### ACTIVITY
Could you write out, exactly as they stand, only the lines in the listing below from the line with "Average testosterone production with age" to the line with "Loft con excelente", both ends included, without the pictures?

### THE DATA
++++
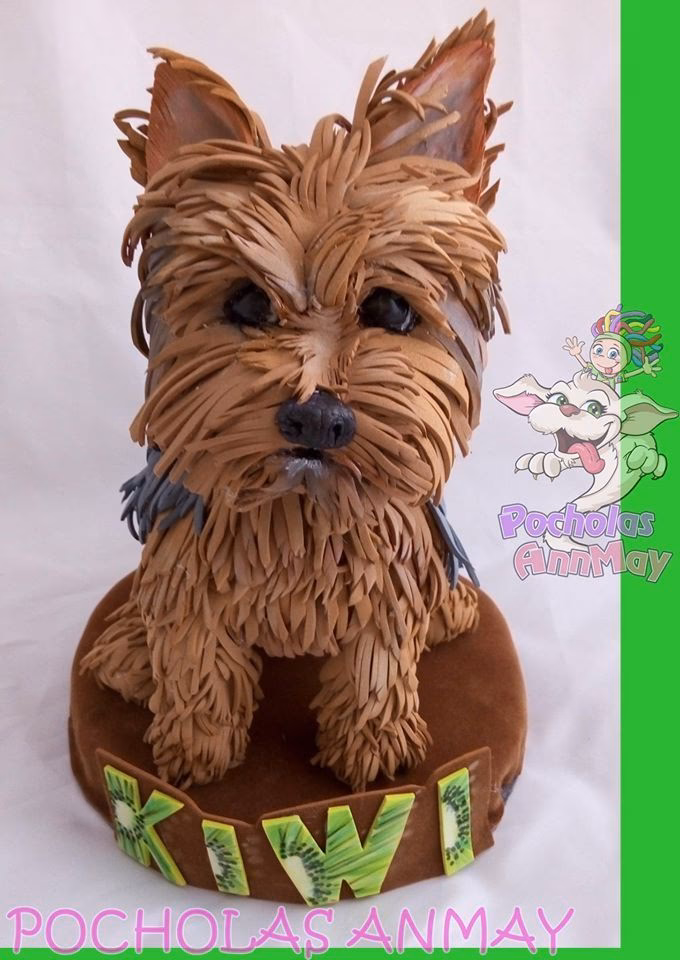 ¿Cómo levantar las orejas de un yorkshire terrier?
++++
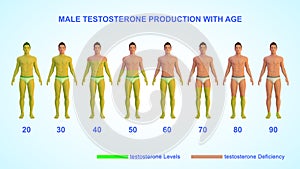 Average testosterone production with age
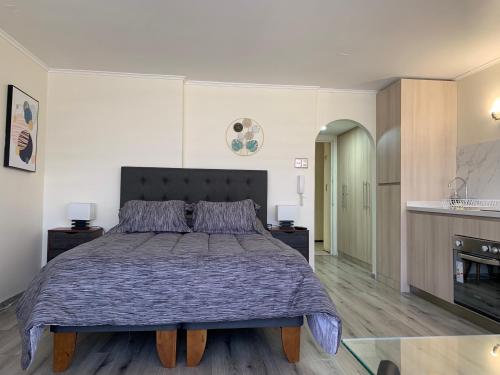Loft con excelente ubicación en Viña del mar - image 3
++++
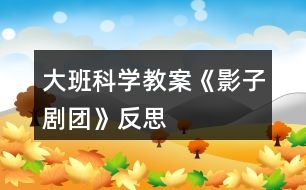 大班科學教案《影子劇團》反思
++++
### ANSWER TO THIS PROBLEM
 Average testosterone production with age
Loft con excelente ubicación en Viña del mar - image 3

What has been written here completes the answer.